Lynne Shearer said they first started Woodlands Elite Cheer in The Woodlands after learning the gym their daughter was attending was failing.


“I can’t believe we’ve been doing it for 16 years now,” Shearer said. “We have kids from ages 3 to 18, and we start with a tiny tumblers class for 3- to 5-year-old kids. We usually have anywhere between 900 to 1,200 kids in the recreational tumbling program, and that is just at this location.”


The initial location of Woodlands Elite Cheer was on Budde Road until the Shearers built a bigger gym in Oak Ridge North. The gym now offers gymnastics and cheer programs in Magnolia, Humble and Katy.


Shearer said the energy of the groups and the coaches are what make Woodlands Elite Cheer so different from other gyms in the area.


“We are different from a gymnastics facility; they are usually very strict, and there’s no music playing,” she said. “At our gym, there [are] all these different things going on; there’s music and there’s just a good energy to it. It’s mostly the energy of our coaches. They are amazing at what they do.”


While children in each community attend the closest gym available for tumbling classes, the gym’s all-star cheerleading program attracts competitors from all over the Greater Houston area, she said.


“We have really built a name for ourselves in the all-star industry over the past 16 years,” Shearer said. “We have 40 all-star teams this season at all four of our locations, with 20 teams at this location.
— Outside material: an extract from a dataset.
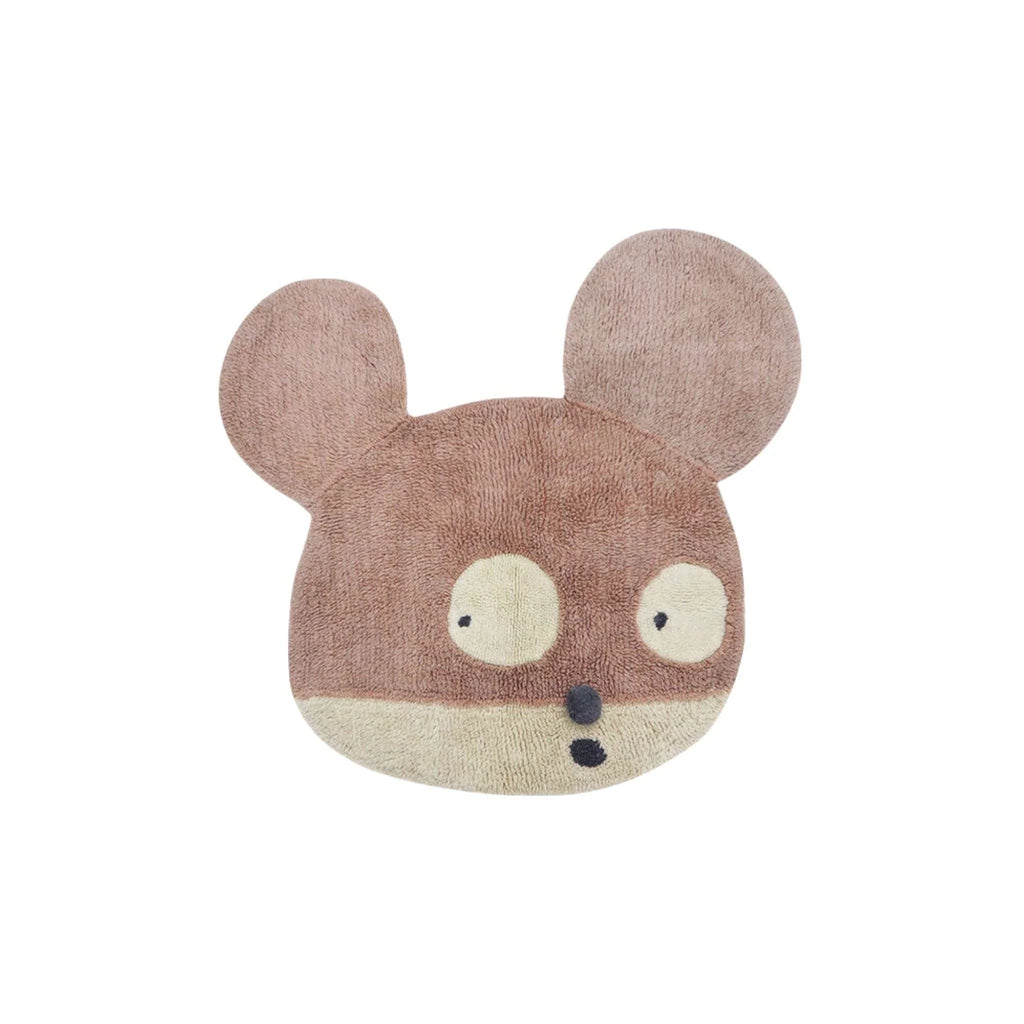 Woolable Miss Mighty Mouse Rug for Kids - Little Loves Rugs - The Well Appointed House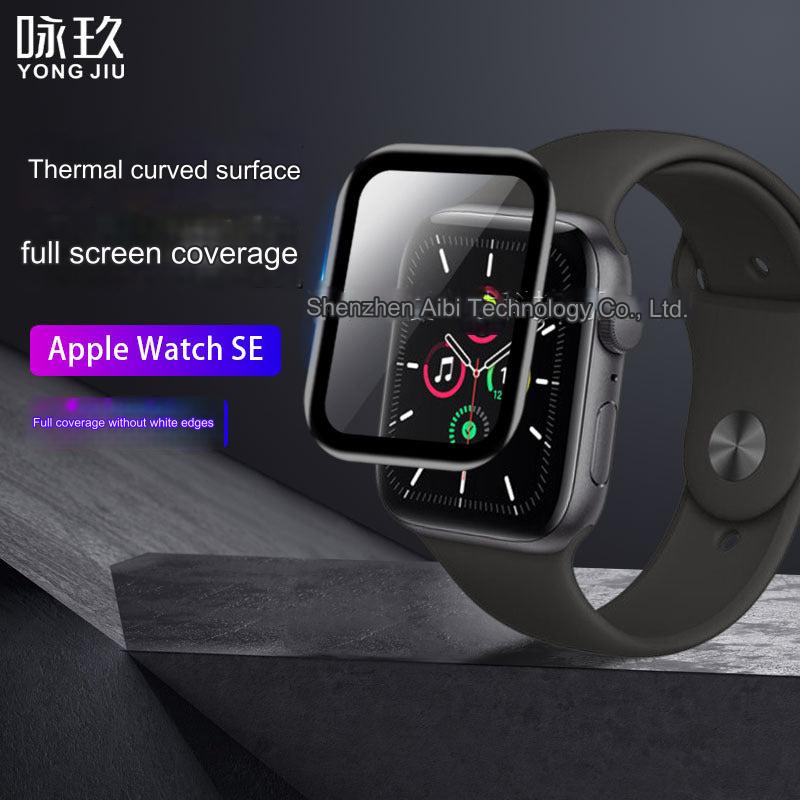 Premium 3D Curved Protective Film for Apple Watch SE 40mm/44mm - Ultra Clear, Anti-Fingerprint, and Scratch-Resistant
It is our biggest [all-star program] for sure.”


Shearer said she would like to see more participants from The Woodlands and Oak Ridge North communities to reflect a larger presence from the local community.


“It’s funny because a lot of kids drive a long way to get here just to be on a team here,” she said. “It started out years ago, that it was more of a community thing, and now it’s all of Houston, like Pasadena, Beaumont and Katy.”